The first thing you need to know to plan a successful garden is your Hardiness Zone. It tells you the lowest expected temperature your location will see in a given year. It is a key variable for plant selection. I live in Zone 5a. But it also close to 4b. That means that the lowest expected temperature can be -20F. The lowest recorded temperature I’ve seen in my garden is -17F. I have expensive data recorders. I will discuss them in a future blog.
Find any plant catalogue on the Internet and you will see references to Hardiness next to each plant. Tropical plants can’t grow in cold climates. Simple, isn’t it?
Here is the official interactive 2012 USDA Hardiness Zone Map website link.
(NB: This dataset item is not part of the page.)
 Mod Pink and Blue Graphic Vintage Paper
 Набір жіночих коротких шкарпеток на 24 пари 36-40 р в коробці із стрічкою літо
Go there and follow the instructions. You should be able to get your zone.
Now for the check:
Contact (search on the Internet for contact or email address) the following people in your area and ask them to tell you your Hardiness Zone (be specific when providing your location).
- Local Ag Extension (State University agriculture school knowledgeable about your specific location
- Local Garden Club
- Local nurseries
- Local Farmers
Did everybody give you the same answer? I hope so, because some locations can be tricky. Take your time getting this information. If there is a difference of opinion, refer back to your Ag Extension contact and resolve it with them. I like “belts and suspenders” for the important stuff. Plus you get to develop contacts in your new endeavor.
Why do I make a big deal out of this? I need specific information on "cold" temperatures. A -5F difference in expected lowest zone temperature is important to me. It may not be a big deal to you.
Good luck finding your Hardiness Zone. It is a big, first step for plant selection.